昭和40年(1965)金沢市の町名統合で、片町2丁目や中央通町等に町名変更になった上伝馬町(片町2丁目)下伝馬町(中央通町)横伝馬町(片町2丁目、長町2丁目、中央通町)裏伝馬町は、藩政期からある地名で、藩用の人や荷物を運ぶために66匹の伝馬が置かれたことからこの名が付きました。藩初は橋場町付近に置かれ、以後犀川に移されています。
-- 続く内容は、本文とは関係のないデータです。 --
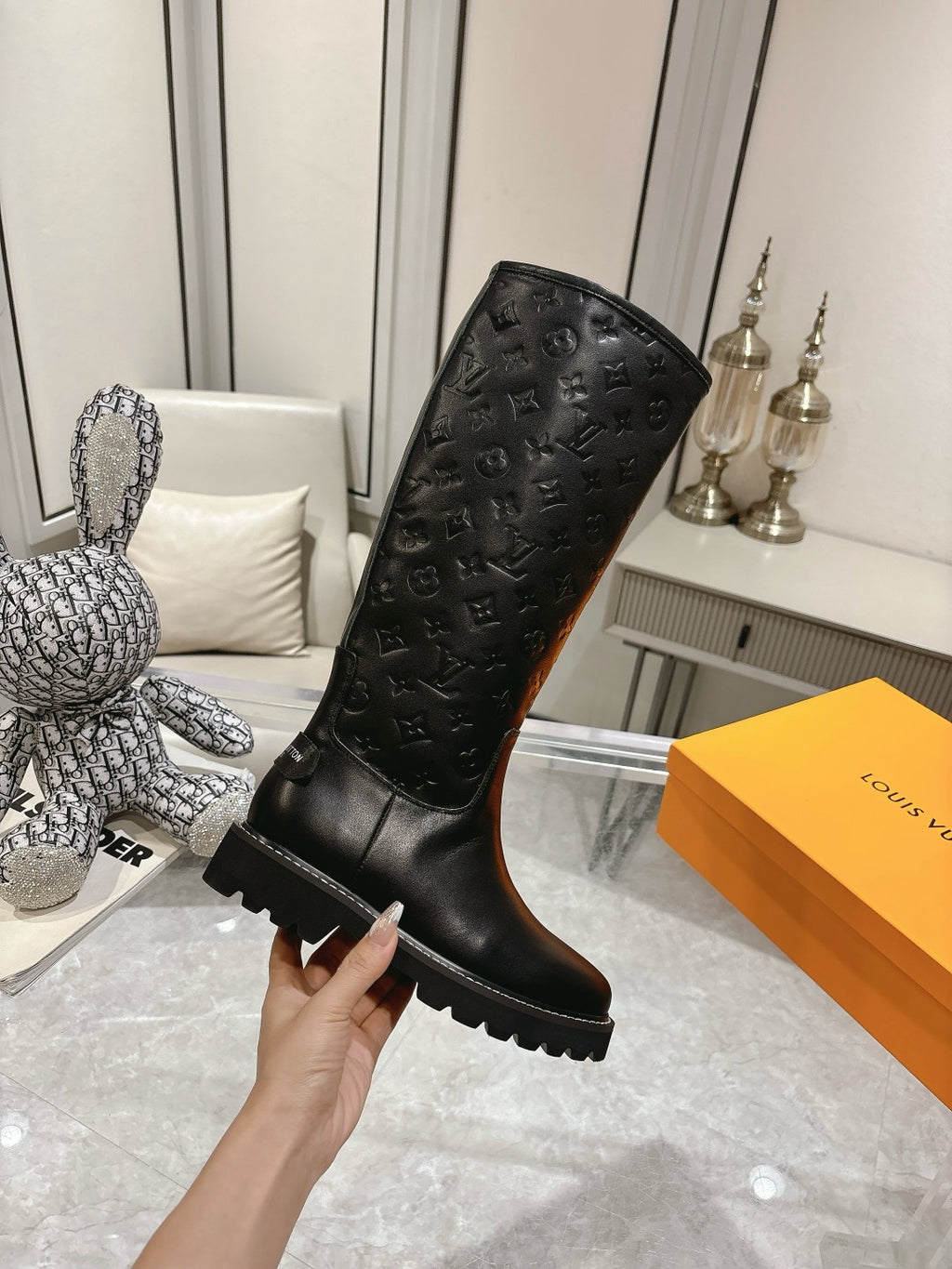 L stylish custom printed leather mid-calf boots 0724102310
上・下・横・裏伝馬町は地子町の一つでした。

 

伝馬:幕府、諸大名、公家などの特権者の公用の人や荷物の継ぎ送りにあたった馬で、古くは駅制にも伝馬の制がありましたがその後廃絶します。戦国時代に諸大名は軍事的必要から領国に宿駅を設置し伝馬を常置します。江戸時代になると徳川家康が慶長6年(1601)東海道,中山道に多くの宿駅を指定し、36頭ずつの伝馬を常備させたのが初めで、寛永 15年 (1638)に幕府は東海道 100頭,中山道 50頭,日光,奥州,甲州各道中 25頭と定めた。)

 

(伝馬町碑・大野庄用水脇)

 

旧伝馬町

改作所旧記にある寛文10年(1677)の届書に、伝馬町うしろの川除に、また、元禄9年(1696)の地子町肝煎裁許付に、伝馬町・下伝馬町・横伝馬町・裏伝馬町。と記載され、4町に分れていて、今は上伝馬町・下伝馬町・横伝馬町・裏伝馬町の4とするとあり、この町は旧伝で云うには、旧藩の藩初以来伝馬で、金澤伝馬役の馬を継ぎ置く厩をこの町内に建てたので、伝馬町と呼んだと言い伝えられています。享保12年(1727)の「はなし随筆」に、伝馬町馬貸何某が家に居る六兵衛と云ふ馬子の伝話があり、天保・弘化の頃までも、この町の入口に馬借の家があり、貸馬を継ぎ置板と書かれています。これは国初以来伝馬の余波か?おもうに、町名を呼びはじめた頃、この町地は伝馬・馬借の家共を集め置かれたゆえに、自然と伝馬町と呼んだのでしょうか?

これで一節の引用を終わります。